:: Work request ::
Can the lines below, from the one that holds "Belgijski koń sportowy" to the very end, be echoed exactly, with both ends included and no pictures?

[Items from a data source]
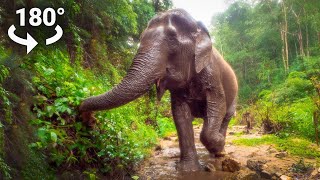 Experience Elephants UP CLOSE in VR180 [upl. by Anissej]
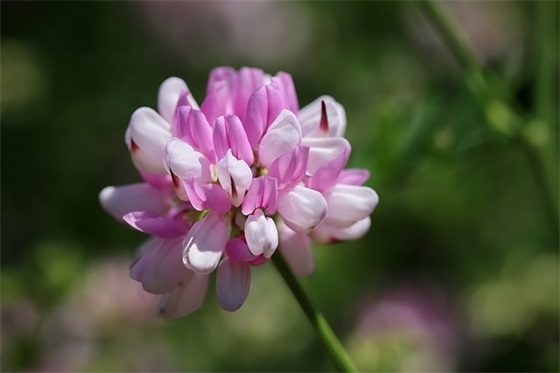 描写雨下得很大的句子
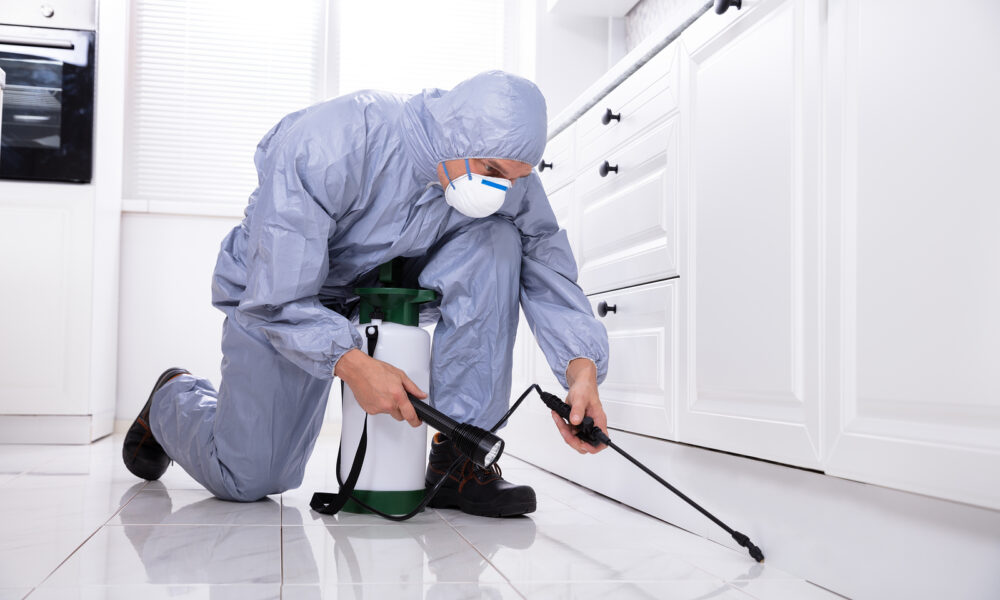 comprehensive-pest-control:-effective-strategies-and-solutions-for-a-pest-free-home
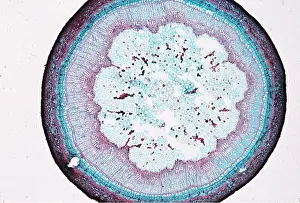 Maples: PLANT ANATOMY - stem cross section Maple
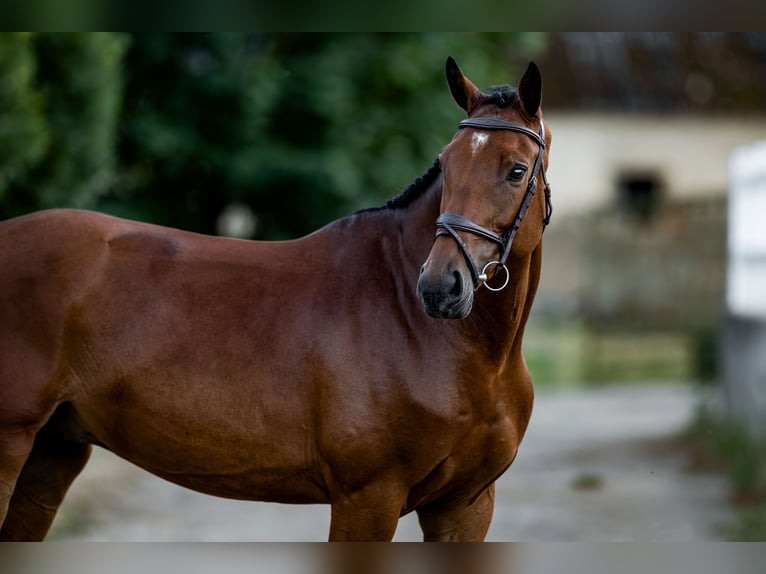 Belgijski koń sportowy Wałach 6 lat 172 cm Gniada in Pilsen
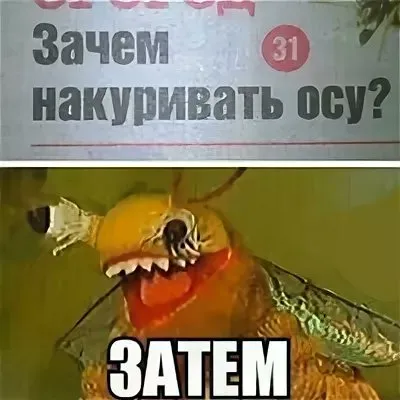 ВСЕ растения ядовиты!!! #1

:: Answer for the task ::
 Belgijski koń sportowy Wałach 6 lat 172 cm Gniada in Pilsen
 ВСЕ растения ядовиты!!! #1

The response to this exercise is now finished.